─── Raw data

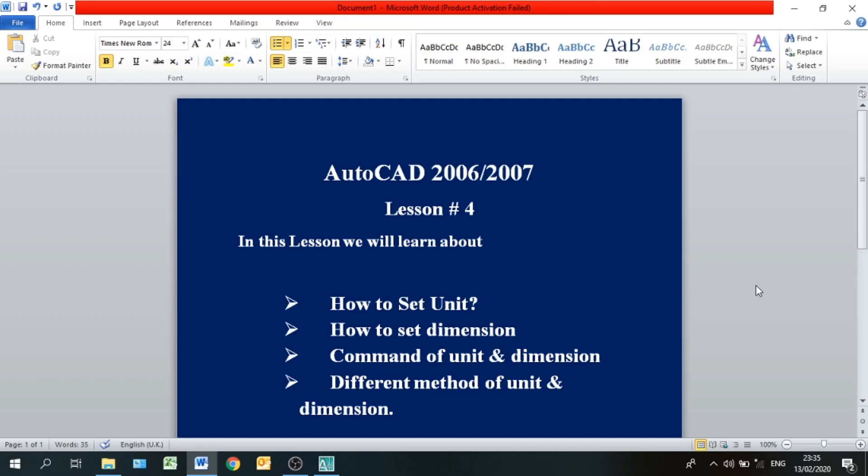As-salamu alaykum, my name is Elias Khan and I am here again at AutoCAD lesson number 4.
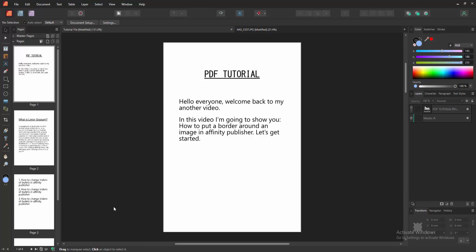Assalamualaikum. Hello friends, how are you? Welcome back to my another video. In this video, I am going to show you how to put a border around an image in Affinity Publisher. Let's get started.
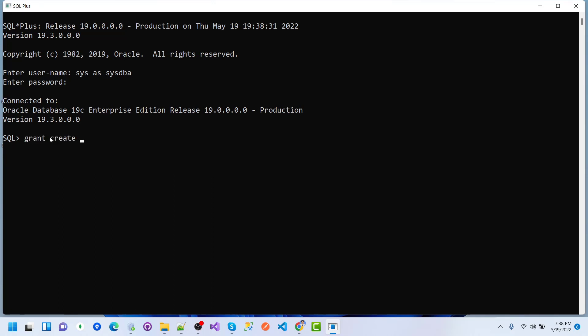Grant CREATE SYNONYM to the user DBA_167.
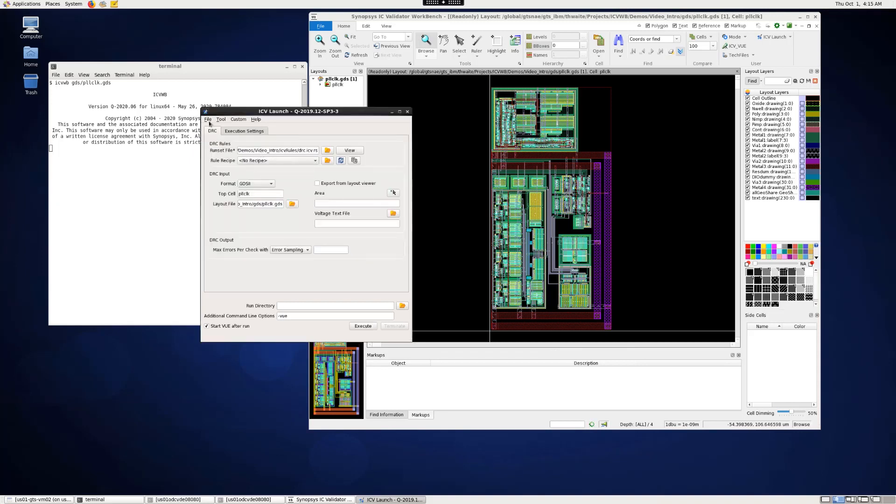If this is a configuration you'll use often, then you can save it as a template from the file menu.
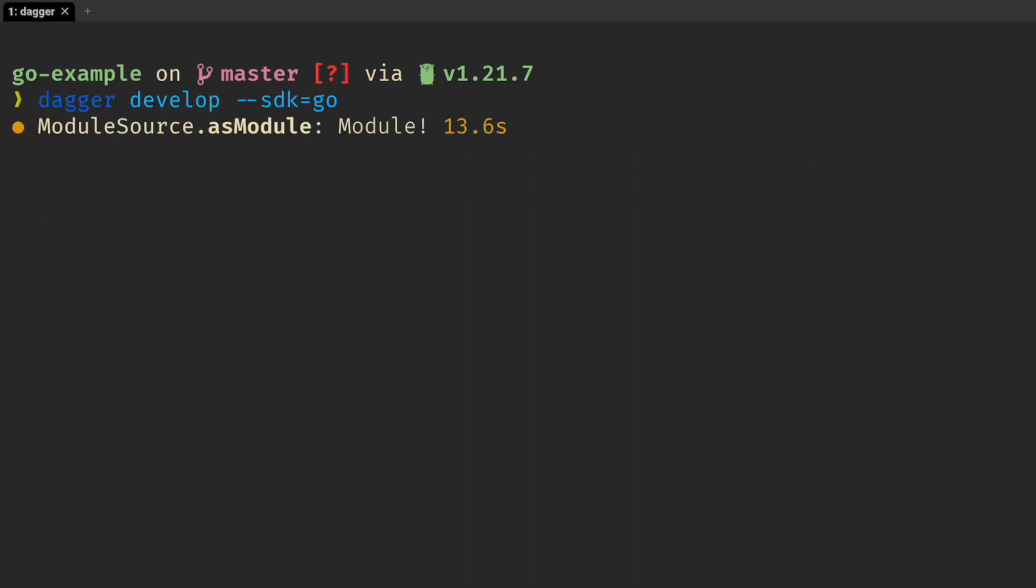To build a CI module, run Dagger develop to bootstrap your project in one of the supported programming languages.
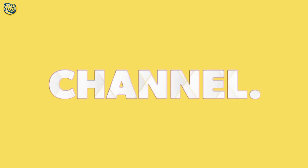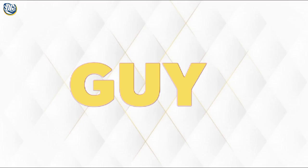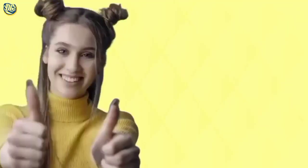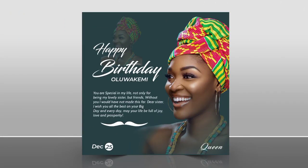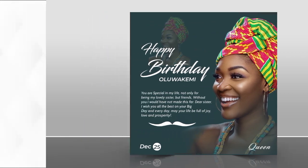Good day guys, welcome back to my channel once again. Hope you guys are doing great. This evening I want to show you how to make another simple birthday flyer exactly like this on your Android smartphone using PC Live as well. And as you can see this is very simple and captivating.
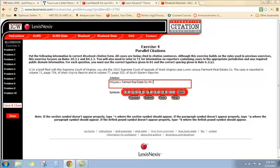Now we're ready for the case location information. We have a Supreme Court of Appeals of West Virginia case, so we're going to turn to T1 and the West Virginia section. What we're concerned with is the law of the land in the jurisdiction that the case is from, not the jurisdiction the document is going to be filed in. So we've got West Virginia — a West Virginia case that we're going to be citing in a brief to the Supreme Court of Virginia.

──────

Work instructions
No pictures belong in the copy. Transcribe every entry exactly.

Answer area
As-salamu alaykum, my name is Elias Khan and I am here again at AutoCAD lesson number 4.
Assalamualaikum. Hello friends, how are you? Welcome back to my another video. In this video, I am going to show you how to put a border around an image in Affinity Publisher. Let's get started.
Grant CREATE SYNONYM to the user DBA_167.
If this is a configuration you'll use often, then you can save it as a template from the file menu.
To build a CI module, run Dagger develop to bootstrap your project in one of the supported programming languages.
Good day guys, welcome back to my channel once again. Hope you guys are doing great. This evening I want to show you how to make another simple birthday flyer exactly like this on your Android smartphone using PC Live as well. And as you can see this is very simple and captivating.
Now we're ready for the case location information. We have a Supreme Court of Appeals of West Virginia case, so we're going to turn to T1 and the West Virginia section. What we're concerned with is the law of the land in the jurisdiction that the case is from, not the jurisdiction the document is going to be filed in. So we've got West Virginia — a West Virginia case that we're going to be citing in a brief to the Supreme Court of Virginia.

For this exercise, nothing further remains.